Mit Schreiben der Hausverwaltung vom 19.01.2017 forderte der klagende Vermieter von der beklagten Mieterin die Zustimmung zu einer Erhöhung der Kaltmiete ab dem 01.04.2017 von EUR 300,00 um EUR 60,00 auf insgesamt monatlich EUR 360,00. Zur Begründung enthielt das Schreiben eine Bezugnahme auf einen Mietspiegel der Stadt Magdeburg aus dem Jahr 1998. Die Wohnung sei in der Kategorie 8B dieses Mietspiegels mit einer Mietpreisspanne von 9 DM bis 14 DM einzuordnen. Die beklagte Mieterin stimmte dieser Mieterhöhung nicht zu. Der Vermieter scheiterte mit seiner Klage auf Zustimmung zur Mieterhöhung in allen drei Instanzen.

Der Mietspiegel für die Stadt Magdeburg aus dem Jahr 1998 ist nicht geeignet, bereits den formellen Anforderungen an eine Begründung zu genügen. Gemäß § 558a Abs. 2 BGB kann zur Begründung auf die dort genannten Begründungsmittel (unter anderem einen Mietspiegel) Bezug genommen werden. Aus dem Erhöhungsverlangen müssen Angaben über diejenigen Tatsachen hervorgehen, aus welchen der Vermieter die Berechtigung der geforderten Mieterhöhung herleitet und zwar in dem Umfang, wie der Mieter solche Angaben benötigt, um der Berechtigung dieses Erhöhungsverlangens nachzugehen und diese zumindest ansatzweise zu überprüfen.

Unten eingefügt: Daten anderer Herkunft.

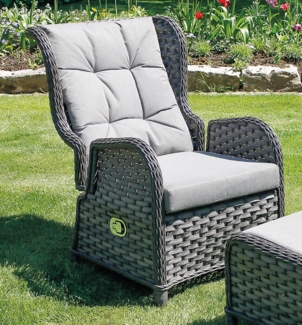 Verstellbarer Polyrattan Comfort Relax Ohrensessel Gartensessel Polstersessel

An solchen Voraussetzungen fehlt es, wenn der Vermieter ein Erhöhungsverlangen mit Tatsachen begründet, welche eine Mieterhöhung bereits auf den ersten Blick nicht als tragfähig erscheinen lassen. Das ist dann der Fall, wenn deutlich wird, dass der Vermieter von falschen Voraussetzungen ausgeht oder das Erhöhungsverlangen in wesentlichen Punkten unvollständig oder widersprüchlich erscheint. Dann steht eine solche fehlerhafte Begründung einer fehlenden Begründung gleich. Denn in diesem Fall ist das Ziel des Begründungserfordernisses ebenso wenig erreicht wie beim gänzlichen Verzicht auf eine Begründung.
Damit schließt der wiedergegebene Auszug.